Aim is to have a record of the entire NZGMDB process so it is clear on what exactly is being done.
CURRENTLY IN DRAFTING PHASE SO WILL BE RANDOM QUICK NOTES


Geonet Mseed Creation:

1: Downloads the recent earthquake data from geonet within the given date range
2: Only uses strong motion channel codes HN and BN for gettin the FDSN Client data
3: Loads the mw_rrup txt file and uses an interpolation function "cubic"

When fetching the event line for the source table
Gets the preferred_origin and magnitude from the event catalouge Geonet client

If the prefer_mag_type is m then gets all the event cat magnitudes and finds the max for mb ml and mlv
if there is one for mb and less than 3 station counts then find max station count for ml and mlv and compare station counts to determine the loc_mag, otherwise make it mb
If there is no mb then find max station count out of ml and mlv
If there if none of mb, ml or mlv then try m

Otherwise if it isnt m for the prefer_mag_type then just set the magnitude uncertainty values to the preferred magnitude values

When grabbing the station magnitude lines it gets the stations within a given radius
This is based on the Mw_rrups.txt file which cuts off at each end instead of extrapolation.
Then the inventory is selected using the max_radius from the event lat lon values.

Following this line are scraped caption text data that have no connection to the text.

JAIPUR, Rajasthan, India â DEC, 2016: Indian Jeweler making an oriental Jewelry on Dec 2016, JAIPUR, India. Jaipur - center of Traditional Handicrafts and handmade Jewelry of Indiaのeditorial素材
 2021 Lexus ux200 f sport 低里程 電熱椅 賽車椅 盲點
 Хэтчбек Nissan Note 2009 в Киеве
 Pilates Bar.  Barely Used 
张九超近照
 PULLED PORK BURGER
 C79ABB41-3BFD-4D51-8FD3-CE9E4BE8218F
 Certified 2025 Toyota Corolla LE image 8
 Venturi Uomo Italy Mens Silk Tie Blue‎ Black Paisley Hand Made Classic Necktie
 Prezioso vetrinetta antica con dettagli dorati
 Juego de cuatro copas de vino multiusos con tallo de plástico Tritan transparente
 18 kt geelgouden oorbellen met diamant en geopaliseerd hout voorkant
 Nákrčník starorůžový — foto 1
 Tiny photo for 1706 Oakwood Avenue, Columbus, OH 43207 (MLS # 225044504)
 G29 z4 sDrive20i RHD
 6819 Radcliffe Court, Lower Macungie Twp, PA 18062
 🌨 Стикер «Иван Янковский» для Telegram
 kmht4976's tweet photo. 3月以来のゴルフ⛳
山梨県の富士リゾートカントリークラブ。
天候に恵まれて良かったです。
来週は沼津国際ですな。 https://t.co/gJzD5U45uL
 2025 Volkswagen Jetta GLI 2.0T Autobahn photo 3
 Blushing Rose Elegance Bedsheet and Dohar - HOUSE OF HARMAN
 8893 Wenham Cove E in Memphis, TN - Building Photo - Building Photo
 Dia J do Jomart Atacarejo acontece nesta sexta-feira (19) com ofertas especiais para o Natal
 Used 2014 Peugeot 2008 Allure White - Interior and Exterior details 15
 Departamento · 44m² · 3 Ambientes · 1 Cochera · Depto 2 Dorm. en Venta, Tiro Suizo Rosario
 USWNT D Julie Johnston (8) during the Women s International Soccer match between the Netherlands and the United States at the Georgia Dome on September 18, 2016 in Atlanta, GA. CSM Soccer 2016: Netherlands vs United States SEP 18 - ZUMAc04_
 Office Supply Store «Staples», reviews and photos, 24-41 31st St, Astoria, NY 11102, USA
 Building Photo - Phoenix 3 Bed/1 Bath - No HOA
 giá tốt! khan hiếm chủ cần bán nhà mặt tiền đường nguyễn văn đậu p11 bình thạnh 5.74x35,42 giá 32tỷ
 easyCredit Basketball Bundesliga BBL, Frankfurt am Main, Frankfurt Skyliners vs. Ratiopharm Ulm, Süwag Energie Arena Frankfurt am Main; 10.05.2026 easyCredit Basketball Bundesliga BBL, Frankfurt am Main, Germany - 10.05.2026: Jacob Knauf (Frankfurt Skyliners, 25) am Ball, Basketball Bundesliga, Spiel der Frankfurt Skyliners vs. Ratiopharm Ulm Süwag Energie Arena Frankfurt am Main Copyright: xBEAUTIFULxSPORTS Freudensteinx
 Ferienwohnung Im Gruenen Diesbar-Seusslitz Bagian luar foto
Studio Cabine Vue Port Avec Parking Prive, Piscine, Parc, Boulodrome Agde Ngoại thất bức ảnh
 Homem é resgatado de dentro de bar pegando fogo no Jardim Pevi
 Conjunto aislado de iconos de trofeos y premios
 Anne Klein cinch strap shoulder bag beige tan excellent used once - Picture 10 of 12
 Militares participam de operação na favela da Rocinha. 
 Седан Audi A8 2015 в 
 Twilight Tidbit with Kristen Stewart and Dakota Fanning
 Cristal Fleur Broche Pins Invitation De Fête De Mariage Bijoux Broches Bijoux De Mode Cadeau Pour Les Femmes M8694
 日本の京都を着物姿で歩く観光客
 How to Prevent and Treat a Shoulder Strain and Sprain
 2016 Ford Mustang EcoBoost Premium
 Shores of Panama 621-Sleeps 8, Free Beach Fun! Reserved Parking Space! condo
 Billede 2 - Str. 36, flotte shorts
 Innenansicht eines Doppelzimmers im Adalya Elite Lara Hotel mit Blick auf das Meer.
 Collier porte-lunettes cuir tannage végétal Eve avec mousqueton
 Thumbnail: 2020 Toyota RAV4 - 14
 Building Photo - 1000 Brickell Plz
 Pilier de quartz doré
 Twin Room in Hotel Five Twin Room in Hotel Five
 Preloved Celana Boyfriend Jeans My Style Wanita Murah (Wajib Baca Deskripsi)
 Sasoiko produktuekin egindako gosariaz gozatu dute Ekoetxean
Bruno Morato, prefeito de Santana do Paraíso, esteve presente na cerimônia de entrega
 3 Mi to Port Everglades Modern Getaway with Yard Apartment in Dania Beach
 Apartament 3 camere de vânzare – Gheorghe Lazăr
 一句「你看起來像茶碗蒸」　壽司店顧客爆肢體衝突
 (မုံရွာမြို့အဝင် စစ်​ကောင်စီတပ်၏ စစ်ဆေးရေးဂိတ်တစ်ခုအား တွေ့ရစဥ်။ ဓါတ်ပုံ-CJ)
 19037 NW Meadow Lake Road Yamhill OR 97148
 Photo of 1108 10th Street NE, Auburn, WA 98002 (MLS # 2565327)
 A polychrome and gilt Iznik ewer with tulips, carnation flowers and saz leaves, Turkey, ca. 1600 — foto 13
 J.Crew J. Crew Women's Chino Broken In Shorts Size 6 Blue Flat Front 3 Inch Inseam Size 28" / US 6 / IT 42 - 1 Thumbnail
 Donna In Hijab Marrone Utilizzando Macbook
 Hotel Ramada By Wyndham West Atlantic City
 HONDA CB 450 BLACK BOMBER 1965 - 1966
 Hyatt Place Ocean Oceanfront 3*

The inventory is then looped over and the waveform is extracted from the client.
The range of the waveform is determined by the p_arrival from the following code

TauPyModel(model="iasp91")p_arrivals = model.get_travel_times(
source_depth_in_km=preferred_origin.depth / 1000,
distance_in_degree=deg,
phase_list=["ttp"],
)
s_arrivals = model.get_travel_times(
source_depth_in_km=preferred_origin.depth / 1000,
distance_in_degree=deg,
phase_list=["tts"],
)ptime_est = (
preferred_origin.time + p_arrivals[0].time
) # Estimated earliest P arrival time from taup
stime_est = preferred_origin.time + s_arrivals[0].time

The start time is ptime_est - the in_time_difference which is set to 15 in the config
The end time is based on the following

    end_time = stime_est + (
        min_time_difference
        if stime_est + ds * ds_multiplier - ptime_est < min_time_difference
        else ds * ds_multiplier
    )

Where ds is the output from the AS_16 model from openquake (previously was using a custom model that had incorrect coefficients)
ds multiplier is currently 10 but needs investigation as there may be a better method to ensure waveforms arent cut off.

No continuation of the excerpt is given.